Uranus in Aries (2010-18) is the era of the smartphone and the selfie: of unmitigated self-obsession, and obsession with image. Pluto in Capricorn (2008-2024), a corresponding transit, is about equally unmitigated greed. Together these make up the Uranus-Pluto square (most potent effects from 2011-15). A few years back, we interviewed Martha Lang-Wescott about that aspect, which is still lurking in the background of everything we're experiencing.
"It sounds like this unbidden empty narcissism surging from the depths of Pluto and all of its psychological scars. People can get distracted by the twinkles and the erratic behavior of Uranus and overlook Pluto," she said. Pluto addresses deeper material and is a more urgently necessary agent of growth.
The erratic behavior Lang-Wescott is describing includes the conduct of various political movements which we are now seeing come to a head: The Tea Party has taken over the Republican Party in the person of Donald Trump. We might ask why Trump is so popular, and for a real answer we would then have to ask why abusive people, in general, are so popular among sensitive, educated people. What is that really about?
Uranus and its effects being more visible, it's serving to mask a whole layer of awareness.
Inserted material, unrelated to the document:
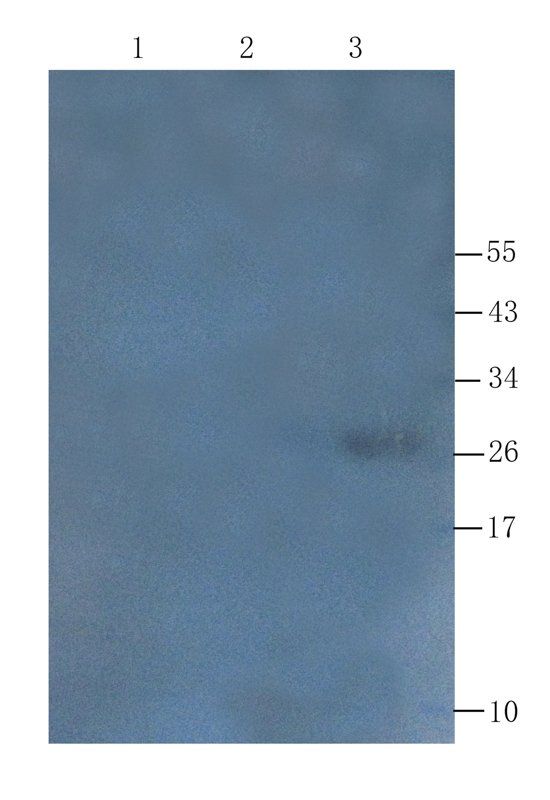 Transthyretin antibody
Lang-Wescott continued, "There is the show and the excitement of Uranus [in Aries], and then there's this underbelly of the concealed drives of Pluto [in Capricorn], such as greed. Uranus presents as the perfect distraction—all this technology stuff—when Pluto is often acting invisibly. There's also the attraction to the dangerous element of Pluto charisma"—for example, why people might be attracted to Donald Trump as a candidate.
The Uranus-Pluto square is now separating, and a new aspect has emerged: Uranus conjunct Eris in Aries. The two are part of the same pattern, and now Uranus-Eris is being emphasized. It's pushing the glam thing to its very pinnacle. Everyone is a rock star on Instagram. We are supposed to overlook not only that it's meaningless but also where that energy could be better spent.
For its part, Eris in Aries is a massive identity crisis. It can barely bring itself to ask the question "Who am I?" because it makes the question seem unanswerable, or perhaps invisible. No matter how many versions of your business card you make, or how many online profiles you post, the question does not answer itself.
The thing to remember is that it's a hypothetical question with a fictional answer. While we may possess some supreme identity, and seek access to some set of "original instructions," identity on this plane of reality is a kind of fictional entity.
Yet it can become useful once you express identity as purpose, and as you integrate all the many facets and fragments of yourself into one core idea of who you are. Much of what we call healing involves doing precisely this.